Isaac M. Wise, The Cosmic God, Cincinnati, 1876, Albany, 1854. General Collection.

The Cosmic God, Cincinnati, 1876.

This book, conceived in sorrow, composed in grief, and constructed at the brink of despair, contains my mind's best thoughts, and my soul's triumph over the powers of darkness. My wife, my dearly beloved companion in this eventful life ... was prostrated with an incurable disease ... I prayed, I wept, I mourned, I despaired ... I was drifting and whirling in a roaring current of lacerating contradictions, tormenting self-accusations bordering on self contempt.

Ruthless attacks upon my character, of restless assailants ... embittered by joyless days. My energies failed. Insanity or suicide appeared inevitable ... Once, at the midnight hour ... I opened the Bible [and] read: “Unless thy law had been my delight, I should long since have been lost in my affiction” [sic] (Psalm 119:92).

It struck me forcibly. “There is the proper remedy for all afflictions.” When those ancient Hebrews spoke of the law of God, they meant the whole of it revealed in God's words and works. Research, science, philosophy, deep and perplexing, problems most intricate and propositions most complicated, I thought, like the rabbis of the Talmud, must be the proper remedy for all maladies of the heart and reason.
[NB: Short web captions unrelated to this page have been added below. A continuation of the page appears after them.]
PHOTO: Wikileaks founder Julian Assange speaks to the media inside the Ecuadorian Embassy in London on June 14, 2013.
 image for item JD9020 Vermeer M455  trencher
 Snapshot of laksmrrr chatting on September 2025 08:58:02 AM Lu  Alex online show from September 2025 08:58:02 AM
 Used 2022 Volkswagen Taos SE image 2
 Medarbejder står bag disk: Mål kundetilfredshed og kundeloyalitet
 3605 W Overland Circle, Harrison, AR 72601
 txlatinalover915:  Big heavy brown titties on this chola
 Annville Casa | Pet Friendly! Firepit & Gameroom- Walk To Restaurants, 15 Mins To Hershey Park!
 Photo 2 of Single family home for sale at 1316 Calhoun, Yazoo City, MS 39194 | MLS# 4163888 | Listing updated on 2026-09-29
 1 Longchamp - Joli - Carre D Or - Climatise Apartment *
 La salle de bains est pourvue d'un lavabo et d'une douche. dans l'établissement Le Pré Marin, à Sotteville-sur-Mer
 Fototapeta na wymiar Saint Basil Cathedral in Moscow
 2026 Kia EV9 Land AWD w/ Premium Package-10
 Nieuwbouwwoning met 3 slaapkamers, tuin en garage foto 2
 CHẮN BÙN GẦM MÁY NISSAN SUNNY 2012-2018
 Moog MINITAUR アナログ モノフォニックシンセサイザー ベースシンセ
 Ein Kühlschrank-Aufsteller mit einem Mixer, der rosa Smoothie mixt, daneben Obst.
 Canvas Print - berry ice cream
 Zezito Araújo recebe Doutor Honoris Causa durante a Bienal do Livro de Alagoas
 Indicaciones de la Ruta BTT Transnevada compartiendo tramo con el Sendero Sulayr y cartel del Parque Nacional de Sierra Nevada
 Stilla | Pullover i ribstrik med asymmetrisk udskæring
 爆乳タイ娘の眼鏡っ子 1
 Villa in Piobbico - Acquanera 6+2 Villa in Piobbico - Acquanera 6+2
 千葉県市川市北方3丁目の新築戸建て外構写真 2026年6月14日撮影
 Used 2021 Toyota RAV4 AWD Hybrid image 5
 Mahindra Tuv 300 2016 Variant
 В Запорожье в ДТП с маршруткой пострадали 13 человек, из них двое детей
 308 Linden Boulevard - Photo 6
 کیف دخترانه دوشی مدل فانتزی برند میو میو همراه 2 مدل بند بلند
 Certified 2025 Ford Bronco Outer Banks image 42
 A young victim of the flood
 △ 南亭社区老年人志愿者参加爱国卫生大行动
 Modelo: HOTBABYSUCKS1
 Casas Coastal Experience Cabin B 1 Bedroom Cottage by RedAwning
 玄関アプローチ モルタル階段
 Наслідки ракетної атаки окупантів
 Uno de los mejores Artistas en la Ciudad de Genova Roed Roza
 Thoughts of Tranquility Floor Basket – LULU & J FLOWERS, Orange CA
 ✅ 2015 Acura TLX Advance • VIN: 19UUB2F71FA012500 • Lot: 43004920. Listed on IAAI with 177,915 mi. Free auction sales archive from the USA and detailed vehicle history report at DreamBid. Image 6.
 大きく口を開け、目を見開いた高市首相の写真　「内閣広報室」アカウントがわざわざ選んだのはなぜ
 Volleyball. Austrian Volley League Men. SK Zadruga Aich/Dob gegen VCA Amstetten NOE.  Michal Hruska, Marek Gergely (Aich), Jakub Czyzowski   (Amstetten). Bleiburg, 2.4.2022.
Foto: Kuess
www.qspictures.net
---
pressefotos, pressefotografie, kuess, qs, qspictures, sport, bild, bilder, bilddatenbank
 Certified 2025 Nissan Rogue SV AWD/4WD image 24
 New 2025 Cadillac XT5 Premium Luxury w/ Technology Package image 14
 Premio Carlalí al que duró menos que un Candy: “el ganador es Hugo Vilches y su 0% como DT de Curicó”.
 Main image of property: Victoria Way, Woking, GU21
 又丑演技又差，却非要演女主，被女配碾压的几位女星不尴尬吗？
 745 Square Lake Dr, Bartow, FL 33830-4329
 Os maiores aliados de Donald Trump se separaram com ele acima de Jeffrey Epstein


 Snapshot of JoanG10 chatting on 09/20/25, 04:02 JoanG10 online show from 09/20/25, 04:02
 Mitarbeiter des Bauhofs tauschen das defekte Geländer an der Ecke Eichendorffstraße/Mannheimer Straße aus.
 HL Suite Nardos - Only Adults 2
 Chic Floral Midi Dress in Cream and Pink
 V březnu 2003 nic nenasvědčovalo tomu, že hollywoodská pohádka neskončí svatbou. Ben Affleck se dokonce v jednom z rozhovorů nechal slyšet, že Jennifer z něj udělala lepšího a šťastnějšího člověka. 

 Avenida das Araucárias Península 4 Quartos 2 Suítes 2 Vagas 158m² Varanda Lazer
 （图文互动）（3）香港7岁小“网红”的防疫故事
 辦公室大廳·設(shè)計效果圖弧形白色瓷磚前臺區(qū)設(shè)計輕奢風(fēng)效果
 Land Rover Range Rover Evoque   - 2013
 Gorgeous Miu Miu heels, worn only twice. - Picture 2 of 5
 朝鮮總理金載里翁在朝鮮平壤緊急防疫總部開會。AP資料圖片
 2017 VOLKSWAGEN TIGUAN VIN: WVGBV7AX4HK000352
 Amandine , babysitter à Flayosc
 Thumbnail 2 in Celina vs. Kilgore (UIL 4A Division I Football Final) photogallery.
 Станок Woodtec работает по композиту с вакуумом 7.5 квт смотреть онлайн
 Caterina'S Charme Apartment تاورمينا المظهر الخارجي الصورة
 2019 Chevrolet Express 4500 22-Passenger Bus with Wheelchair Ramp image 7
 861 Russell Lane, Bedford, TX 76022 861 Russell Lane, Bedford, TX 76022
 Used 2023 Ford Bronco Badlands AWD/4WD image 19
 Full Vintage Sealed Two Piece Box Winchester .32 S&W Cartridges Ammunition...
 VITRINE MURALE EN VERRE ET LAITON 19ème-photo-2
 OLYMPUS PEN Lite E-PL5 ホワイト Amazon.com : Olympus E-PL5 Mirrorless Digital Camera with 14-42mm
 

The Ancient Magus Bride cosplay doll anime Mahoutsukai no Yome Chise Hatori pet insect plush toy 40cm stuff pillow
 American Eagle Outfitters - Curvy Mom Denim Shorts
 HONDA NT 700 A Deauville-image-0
I plunged headlong into the whirlpool of philosophy, and, I believe, to have found many a gem in the fathomless deep. But the costliest of all gems I found is a calm and composed mind, a self-relying conviction. I found myself once more.


Sources: Abraham J. Karp, From the Ends of the Earth: Judaic Treasures of the Library of Congress, (DC: Library of Congress, 1991). Portrait faces the title page of Isaac Mayer Wise's The Cosmic God (Cincinnati, 1876). It portrays Wise at age fifty-six, the year he opened the rabbinical seminary he founded and headed till the end of his life, the Hebrew Union College in Cincinnati, Ohio. General Collection. Section on the “Trefa Banquet” from From Haven to Home.